* _What needs to be done_:
Only one stretch of the listing below is wanted. Give it again exactly, from the line with "DE ÎNCHIRIAT: Casă" through the line with "2 slaapkamers Iztok, Pernik 9".

* _Material for this task_:
==============================

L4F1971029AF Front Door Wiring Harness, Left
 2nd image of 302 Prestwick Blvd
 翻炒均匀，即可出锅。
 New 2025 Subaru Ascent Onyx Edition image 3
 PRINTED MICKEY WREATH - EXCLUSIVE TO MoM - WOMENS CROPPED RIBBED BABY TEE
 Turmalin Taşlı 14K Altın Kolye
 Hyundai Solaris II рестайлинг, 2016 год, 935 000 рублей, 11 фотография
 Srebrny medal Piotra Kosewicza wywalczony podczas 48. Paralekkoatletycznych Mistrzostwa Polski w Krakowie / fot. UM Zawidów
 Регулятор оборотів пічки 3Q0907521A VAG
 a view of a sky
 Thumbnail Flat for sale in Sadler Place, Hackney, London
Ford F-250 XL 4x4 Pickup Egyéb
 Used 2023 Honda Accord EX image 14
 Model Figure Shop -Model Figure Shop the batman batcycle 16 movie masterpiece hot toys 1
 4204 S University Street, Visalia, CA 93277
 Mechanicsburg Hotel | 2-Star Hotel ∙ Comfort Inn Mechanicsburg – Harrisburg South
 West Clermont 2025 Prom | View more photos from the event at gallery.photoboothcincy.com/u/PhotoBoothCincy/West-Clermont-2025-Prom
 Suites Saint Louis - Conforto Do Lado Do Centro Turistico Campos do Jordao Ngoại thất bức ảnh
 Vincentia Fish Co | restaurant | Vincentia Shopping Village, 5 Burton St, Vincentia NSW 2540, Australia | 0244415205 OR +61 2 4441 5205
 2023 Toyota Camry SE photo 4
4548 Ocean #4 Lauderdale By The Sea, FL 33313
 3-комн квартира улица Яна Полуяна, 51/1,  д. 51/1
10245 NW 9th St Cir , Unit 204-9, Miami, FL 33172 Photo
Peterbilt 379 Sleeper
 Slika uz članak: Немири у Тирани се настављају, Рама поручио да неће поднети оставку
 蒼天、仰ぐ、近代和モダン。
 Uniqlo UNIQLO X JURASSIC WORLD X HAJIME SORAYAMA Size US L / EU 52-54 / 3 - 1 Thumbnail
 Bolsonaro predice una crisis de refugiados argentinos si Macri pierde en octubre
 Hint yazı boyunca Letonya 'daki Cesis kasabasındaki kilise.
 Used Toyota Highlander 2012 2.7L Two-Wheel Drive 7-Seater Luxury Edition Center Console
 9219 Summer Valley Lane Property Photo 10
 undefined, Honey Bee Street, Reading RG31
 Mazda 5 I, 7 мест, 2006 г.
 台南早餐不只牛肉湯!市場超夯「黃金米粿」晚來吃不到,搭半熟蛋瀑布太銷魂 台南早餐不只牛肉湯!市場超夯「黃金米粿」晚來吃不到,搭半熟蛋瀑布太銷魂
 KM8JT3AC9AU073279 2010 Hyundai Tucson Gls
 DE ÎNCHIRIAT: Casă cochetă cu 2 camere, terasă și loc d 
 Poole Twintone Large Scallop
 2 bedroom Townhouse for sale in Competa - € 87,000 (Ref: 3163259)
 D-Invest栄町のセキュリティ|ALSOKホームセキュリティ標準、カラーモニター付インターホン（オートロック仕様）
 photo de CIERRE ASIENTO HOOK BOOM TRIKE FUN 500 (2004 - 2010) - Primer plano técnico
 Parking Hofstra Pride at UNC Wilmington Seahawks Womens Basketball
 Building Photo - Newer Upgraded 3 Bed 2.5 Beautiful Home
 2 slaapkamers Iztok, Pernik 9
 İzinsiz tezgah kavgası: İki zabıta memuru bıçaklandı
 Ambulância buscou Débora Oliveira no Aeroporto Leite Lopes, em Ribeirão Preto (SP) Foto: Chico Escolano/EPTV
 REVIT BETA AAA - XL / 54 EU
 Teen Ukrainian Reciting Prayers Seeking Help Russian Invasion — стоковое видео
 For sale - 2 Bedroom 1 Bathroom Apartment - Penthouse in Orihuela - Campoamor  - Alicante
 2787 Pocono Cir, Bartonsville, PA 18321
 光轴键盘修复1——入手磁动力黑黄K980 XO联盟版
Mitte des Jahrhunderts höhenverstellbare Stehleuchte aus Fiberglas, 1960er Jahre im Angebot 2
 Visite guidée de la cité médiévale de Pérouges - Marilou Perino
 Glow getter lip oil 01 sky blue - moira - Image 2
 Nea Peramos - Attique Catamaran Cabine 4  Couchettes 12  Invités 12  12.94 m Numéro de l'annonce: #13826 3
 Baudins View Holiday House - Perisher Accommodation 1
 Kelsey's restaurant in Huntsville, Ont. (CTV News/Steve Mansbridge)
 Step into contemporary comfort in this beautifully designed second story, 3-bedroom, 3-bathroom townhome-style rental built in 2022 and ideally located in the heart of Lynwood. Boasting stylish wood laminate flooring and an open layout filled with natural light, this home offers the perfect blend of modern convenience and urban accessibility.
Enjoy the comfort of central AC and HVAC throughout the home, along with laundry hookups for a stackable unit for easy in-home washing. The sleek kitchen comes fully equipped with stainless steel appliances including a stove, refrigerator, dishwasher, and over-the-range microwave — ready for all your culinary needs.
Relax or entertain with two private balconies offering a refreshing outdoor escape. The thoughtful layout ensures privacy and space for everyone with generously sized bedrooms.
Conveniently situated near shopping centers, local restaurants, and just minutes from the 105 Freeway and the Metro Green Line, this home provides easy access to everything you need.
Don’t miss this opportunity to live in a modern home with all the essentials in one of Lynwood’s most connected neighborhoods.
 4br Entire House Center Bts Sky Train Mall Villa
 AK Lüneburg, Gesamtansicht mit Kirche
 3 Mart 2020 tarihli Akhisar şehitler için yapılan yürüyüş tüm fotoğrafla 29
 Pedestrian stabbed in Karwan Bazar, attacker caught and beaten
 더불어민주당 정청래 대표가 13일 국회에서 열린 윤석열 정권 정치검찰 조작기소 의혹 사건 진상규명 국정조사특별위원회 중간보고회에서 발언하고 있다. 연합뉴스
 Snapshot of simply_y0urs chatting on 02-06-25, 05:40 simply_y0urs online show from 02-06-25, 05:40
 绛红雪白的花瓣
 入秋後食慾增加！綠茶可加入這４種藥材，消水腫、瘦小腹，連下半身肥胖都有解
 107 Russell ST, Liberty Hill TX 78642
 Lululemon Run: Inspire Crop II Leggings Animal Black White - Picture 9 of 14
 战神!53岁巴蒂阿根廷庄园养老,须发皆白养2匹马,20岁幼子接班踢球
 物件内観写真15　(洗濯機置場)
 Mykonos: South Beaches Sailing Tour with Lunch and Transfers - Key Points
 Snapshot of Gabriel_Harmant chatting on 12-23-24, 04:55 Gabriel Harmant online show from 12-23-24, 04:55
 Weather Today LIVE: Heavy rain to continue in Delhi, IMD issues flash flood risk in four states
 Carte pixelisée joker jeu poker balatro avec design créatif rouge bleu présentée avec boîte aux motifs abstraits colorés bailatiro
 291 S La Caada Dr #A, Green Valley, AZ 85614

==============================

* _Result of this exercise_:
 DE ÎNCHIRIAT: Casă cochetă cu 2 camere, terasă și loc d 
 Poole Twintone Large Scallop
 2 bedroom Townhouse for sale in Competa - € 87,000 (Ref: 3163259)
 D-Invest栄町のセキュリティ|ALSOKホームセキュリティ標準、カラーモニター付インターホン（オートロック仕様）
 photo de CIERRE ASIENTO HOOK BOOM TRIKE FUN 500 (2004 - 2010) - Primer plano técnico
 Parking Hofstra Pride at UNC Wilmington Seahawks Womens Basketball
 Building Photo - Newer Upgraded 3 Bed 2.5 Beautiful Home
 2 slaapkamers Iztok, Pernik 9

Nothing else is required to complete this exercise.